:: Excerpted records ::

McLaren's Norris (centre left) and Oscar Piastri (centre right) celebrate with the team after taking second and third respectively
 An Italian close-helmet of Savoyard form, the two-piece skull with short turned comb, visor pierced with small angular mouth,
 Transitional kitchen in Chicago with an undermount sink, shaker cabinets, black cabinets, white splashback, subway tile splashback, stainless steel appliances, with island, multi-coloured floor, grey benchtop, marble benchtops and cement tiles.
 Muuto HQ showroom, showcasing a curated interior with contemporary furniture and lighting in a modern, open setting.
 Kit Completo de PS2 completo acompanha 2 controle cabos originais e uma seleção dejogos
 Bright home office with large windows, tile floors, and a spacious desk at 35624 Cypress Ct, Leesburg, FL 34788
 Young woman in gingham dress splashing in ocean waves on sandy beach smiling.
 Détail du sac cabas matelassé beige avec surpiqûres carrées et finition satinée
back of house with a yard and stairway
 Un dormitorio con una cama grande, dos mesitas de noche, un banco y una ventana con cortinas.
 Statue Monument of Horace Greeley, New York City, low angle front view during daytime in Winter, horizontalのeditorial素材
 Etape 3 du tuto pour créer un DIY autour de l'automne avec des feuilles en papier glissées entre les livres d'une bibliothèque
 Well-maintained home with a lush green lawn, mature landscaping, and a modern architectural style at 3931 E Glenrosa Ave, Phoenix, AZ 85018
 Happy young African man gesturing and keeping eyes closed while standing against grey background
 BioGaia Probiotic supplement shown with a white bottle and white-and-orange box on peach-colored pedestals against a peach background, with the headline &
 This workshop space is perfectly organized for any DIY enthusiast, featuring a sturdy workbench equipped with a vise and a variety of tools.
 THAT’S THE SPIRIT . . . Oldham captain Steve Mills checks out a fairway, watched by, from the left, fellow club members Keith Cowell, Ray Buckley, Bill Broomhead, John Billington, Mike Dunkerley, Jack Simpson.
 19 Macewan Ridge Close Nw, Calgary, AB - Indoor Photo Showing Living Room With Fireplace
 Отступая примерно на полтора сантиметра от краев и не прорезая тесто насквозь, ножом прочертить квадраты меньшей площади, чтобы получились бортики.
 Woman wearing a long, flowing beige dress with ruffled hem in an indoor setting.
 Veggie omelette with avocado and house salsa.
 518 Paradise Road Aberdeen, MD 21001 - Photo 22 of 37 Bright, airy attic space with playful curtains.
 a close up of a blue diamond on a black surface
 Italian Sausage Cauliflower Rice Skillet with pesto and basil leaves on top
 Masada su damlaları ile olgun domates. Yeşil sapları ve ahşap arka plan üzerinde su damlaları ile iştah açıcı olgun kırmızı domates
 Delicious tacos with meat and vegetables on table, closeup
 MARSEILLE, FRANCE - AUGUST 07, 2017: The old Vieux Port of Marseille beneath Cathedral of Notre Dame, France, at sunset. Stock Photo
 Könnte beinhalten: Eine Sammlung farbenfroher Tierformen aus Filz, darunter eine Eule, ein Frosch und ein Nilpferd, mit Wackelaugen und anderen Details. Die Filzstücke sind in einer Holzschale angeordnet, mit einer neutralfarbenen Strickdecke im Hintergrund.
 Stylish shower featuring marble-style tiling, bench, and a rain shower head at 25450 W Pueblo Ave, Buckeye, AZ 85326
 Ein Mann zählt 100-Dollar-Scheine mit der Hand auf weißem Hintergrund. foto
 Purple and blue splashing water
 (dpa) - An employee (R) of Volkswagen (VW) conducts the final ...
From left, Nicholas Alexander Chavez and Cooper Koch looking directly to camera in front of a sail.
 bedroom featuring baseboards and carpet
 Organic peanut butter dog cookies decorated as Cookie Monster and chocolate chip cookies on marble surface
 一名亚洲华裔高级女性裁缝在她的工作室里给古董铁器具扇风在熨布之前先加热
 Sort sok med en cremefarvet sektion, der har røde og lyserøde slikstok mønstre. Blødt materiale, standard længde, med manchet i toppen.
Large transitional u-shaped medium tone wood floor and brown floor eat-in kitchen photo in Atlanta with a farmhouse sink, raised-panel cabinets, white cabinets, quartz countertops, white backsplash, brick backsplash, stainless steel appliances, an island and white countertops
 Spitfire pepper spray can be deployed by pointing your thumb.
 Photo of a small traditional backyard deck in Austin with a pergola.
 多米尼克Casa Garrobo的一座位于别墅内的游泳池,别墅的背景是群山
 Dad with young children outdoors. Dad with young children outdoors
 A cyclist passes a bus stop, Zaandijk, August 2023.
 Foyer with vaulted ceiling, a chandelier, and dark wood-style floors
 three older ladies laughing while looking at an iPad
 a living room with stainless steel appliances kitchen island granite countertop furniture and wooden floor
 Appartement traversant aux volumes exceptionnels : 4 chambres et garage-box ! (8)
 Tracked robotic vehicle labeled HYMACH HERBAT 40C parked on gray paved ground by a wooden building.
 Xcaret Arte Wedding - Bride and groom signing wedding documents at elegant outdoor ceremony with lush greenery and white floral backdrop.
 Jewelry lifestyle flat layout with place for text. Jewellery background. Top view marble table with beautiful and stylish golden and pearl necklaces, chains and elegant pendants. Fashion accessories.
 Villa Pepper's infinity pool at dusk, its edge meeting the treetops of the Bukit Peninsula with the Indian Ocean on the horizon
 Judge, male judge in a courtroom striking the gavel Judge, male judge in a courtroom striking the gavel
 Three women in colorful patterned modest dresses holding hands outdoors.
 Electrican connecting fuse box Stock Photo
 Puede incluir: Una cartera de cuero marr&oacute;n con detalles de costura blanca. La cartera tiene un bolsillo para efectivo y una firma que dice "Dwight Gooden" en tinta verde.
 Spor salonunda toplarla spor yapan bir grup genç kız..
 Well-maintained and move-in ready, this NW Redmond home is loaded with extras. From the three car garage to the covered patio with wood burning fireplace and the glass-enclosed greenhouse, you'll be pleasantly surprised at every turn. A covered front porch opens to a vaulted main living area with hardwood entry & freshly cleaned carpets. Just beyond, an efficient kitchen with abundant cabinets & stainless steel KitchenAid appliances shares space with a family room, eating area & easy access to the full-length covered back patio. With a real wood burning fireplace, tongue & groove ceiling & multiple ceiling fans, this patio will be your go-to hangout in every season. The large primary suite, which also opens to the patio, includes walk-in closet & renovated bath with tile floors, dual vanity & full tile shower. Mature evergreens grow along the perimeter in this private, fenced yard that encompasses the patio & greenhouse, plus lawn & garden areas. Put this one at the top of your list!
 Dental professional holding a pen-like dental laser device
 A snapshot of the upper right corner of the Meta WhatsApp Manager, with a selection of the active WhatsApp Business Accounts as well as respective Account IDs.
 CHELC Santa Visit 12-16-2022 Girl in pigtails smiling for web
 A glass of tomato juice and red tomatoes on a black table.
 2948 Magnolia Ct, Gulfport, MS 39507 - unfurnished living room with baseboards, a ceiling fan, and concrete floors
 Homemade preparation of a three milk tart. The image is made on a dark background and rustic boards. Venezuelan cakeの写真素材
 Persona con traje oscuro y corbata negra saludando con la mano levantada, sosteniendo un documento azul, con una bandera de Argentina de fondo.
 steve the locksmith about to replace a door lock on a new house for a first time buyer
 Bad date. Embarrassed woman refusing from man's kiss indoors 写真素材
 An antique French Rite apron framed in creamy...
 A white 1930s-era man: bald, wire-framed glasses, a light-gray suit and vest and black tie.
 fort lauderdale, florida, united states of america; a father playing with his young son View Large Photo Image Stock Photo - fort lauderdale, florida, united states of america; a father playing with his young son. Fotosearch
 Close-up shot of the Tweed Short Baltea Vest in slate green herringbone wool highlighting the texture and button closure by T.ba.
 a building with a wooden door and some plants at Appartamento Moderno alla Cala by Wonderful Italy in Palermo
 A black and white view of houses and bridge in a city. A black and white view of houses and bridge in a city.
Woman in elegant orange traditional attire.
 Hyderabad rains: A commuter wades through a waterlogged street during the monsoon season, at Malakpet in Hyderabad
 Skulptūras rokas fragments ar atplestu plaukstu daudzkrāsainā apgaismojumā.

:::

Assigned task: What is asked for is an exact copy of the lines above from the one containing "Photo of a small" through the one containing "a living room", and only those.

Solution to this exercise:
 Photo of a small traditional backyard deck in Austin with a pergola.
 多米尼克Casa Garrobo的一座位于别墅内的游泳池,别墅的背景是群山
 Dad with young children outdoors. Dad with young children outdoors
 A cyclist passes a bus stop, Zaandijk, August 2023.
 Foyer with vaulted ceiling, a chandelier, and dark wood-style floors
 three older ladies laughing while looking at an iPad
 a living room with stainless steel appliances kitchen island granite countertop furniture and wooden floor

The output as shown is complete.